Participants demonstrated some flexibility and understanding of conversational programming when they attempted to ask the same question in similar ways (e.g., #7–9 were consecutive exchanges by one user, as were #10–11 and #13–14); however, they were ultimately unsuccessful as Paola was not programmed to respond to these particular queries, regardless of how they were asked. Only one question was asked related to physical activity (Table S2), which Paola was able to answer correctly.

There were 21 exchanges relating to the program (Table S3), 13 of which were to initiate the weekly check-in. Seven attempts (54%) to initiate the weekly check-in were successful. Five attempts to initiate the check-in were incorrectly recognized as asking for advice about the check-in.

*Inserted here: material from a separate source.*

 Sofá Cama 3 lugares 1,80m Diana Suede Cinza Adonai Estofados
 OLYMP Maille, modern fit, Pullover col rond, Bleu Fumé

While Paola recognized the correct intent from statements such as “can I”, “may I”, “ready”, and “start”, she did not appear to understand intents such as “I want to” or “I would like to”. Paola also did not recognize “sign in” as referring to the weekly check-in and provided no response.

Six exchanges were made to correct information given to Paola in the weekly check-in, or to complain about the weekly check-in. Three of these statements contained the word “check-in” and were incorrectly recognized as asking for advice about the check-in (#35–37). Two exchanges attempted to correct information immediately after the participant’s mistake, but Paola could not recognize this and continued with the next statement programmed in the weekly check-in (#38–40).

Participants made three statements that could not be categorized under diet, physical activity or the program (#43–45, shown in Table S4). These statements were reasons provided during the weekly check-in as to why the participants had not met their goals. Paola was programmed to answer questions related to diet, physical activity, and the program, but was not programmed to provide understanding or empathy. She did not recognize an entity or intent for these items and was therefore unable to respond.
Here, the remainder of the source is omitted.